Con relación a las pensiones, la sociedad como un todo debería vivir en permanente alarma, porque el 80% de las personas en edad de jubilación no puede acceder a ellas. Aun cuando Colombia registra notables avances en algunos indicadores sociales y persiste la cultura de solidaridad familiar, este hecho es un lunar enorme.
Paradójicamente, esos avances agravarán la situación. Menores tasas de natalidad, caída de las tasas de mortalidad y aumento de la esperanza de vida, nos pusieron en la senda del envejecimiento poblacional, hacen más compleja la sostenibilidad del sistema pensional de reparto y más oneroso el costo fiscal que toda la sociedad debe asumir, si la alta informalidad perpetúa los actuales niveles de cobertura.
Con relación a la productividad, Mckinsey calculó hace algún tiempo la productividad laboral relativa de la mano de obra informal del país y encontró que en promedio se necesitan 17 trabajadores informales de Colombia para producir lo de un trabajador de Estados Unidos.
La productividad de un trabajador del sector formal de Colombia es siete veces superior a la del informal.
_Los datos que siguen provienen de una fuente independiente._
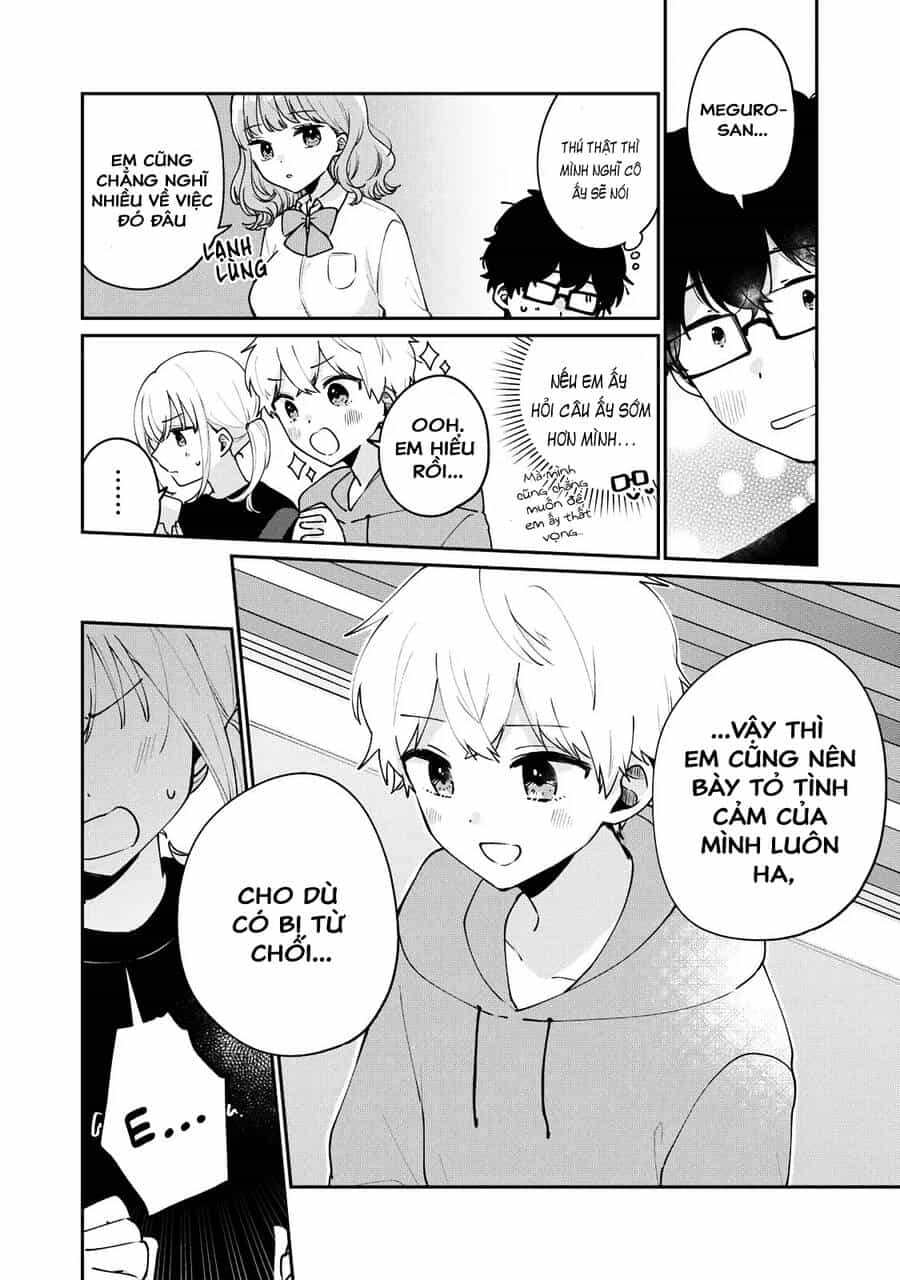 It's Not Meguro-San's First Time - Chương 55 - ảnh 13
Esto evidencia la magnitud del impacto negativo que sufre la economía como consecuencia de las elevadas tasas de informalidad. Pese a que este índice ha descendido desde la reforma tributaria de 2012, que eliminó los parafiscales del Sena y del ICBF, su nivel se encuentra en el 62.9% para el total nacional en el primer trimestre de 2018.
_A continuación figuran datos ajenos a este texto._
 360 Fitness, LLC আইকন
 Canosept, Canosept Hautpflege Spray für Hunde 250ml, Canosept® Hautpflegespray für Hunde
Esta relación entre informalidad y productividad es fundamental para entender, entre otras cosas, por qué el país no logra diversificar las exportaciones, a pesar de los numerosos programas implementados en los últimos 50 años.
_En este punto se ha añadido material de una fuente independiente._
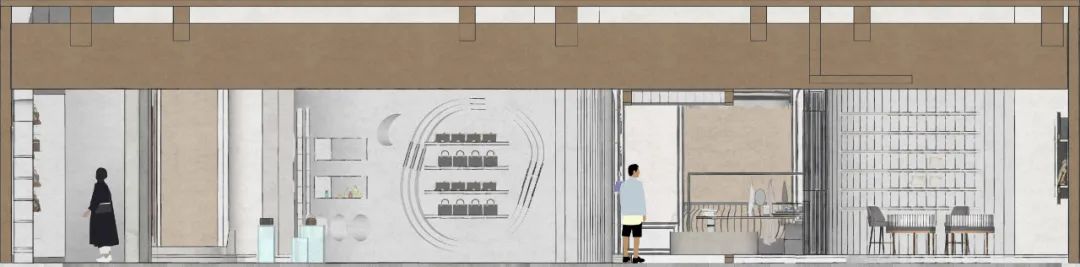 Miss Vintage 奢侈品集合店丨中国重庆丨岭众联合田艾灵设计-69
Por último, para combatir la informalidad es necesario aplicar el adagio de enseñar a pescar en lugar de regalar el pescado. Está muy bien que una economía en desarrollo tenga acceso universal a la salud, subsidiando el acceso del 50% de la población, brinde educación gratuita, regale viviendas o las subsidie, cuente con subsidios al consumo de servicios públicos, y tenga programas de alimentación para las personas menos favorecidas; pero esas acciones caritativas tienen un impacto negativo en la formalización.
Son conocidas las marrullas usadas para inscribirse en el Sisben y hacerse acreedores a diversos subsidios; de igual forma, muchos afiliados se niegan a contratarse en empleos formales por temor a perder esas dádivas.
Es lícito evaluar la política de subsidios como un éxito de la política social, porque ha contribuido a reducir la pobreza, pero también son evidentes los efectos no deseados que alimentan la informalidad y la pésima distribución del ingreso. Los indicadores de concentración del ingreso (Gini) de Colombia no solo están entre los peores del mundo, sino que se mantienen prácticamente iguales antes y después de la política de subsidios. La causa es conocida: problemas de focalización, subsidios regresivos en pensiones y educación y fuerte relación de dependencia porque la política carece de mecanismos de graduación para los beneficiarios de la generosidad del Estado.
Este es un gran reto para el nuevo presidente. Los candidatos tienen la palabra.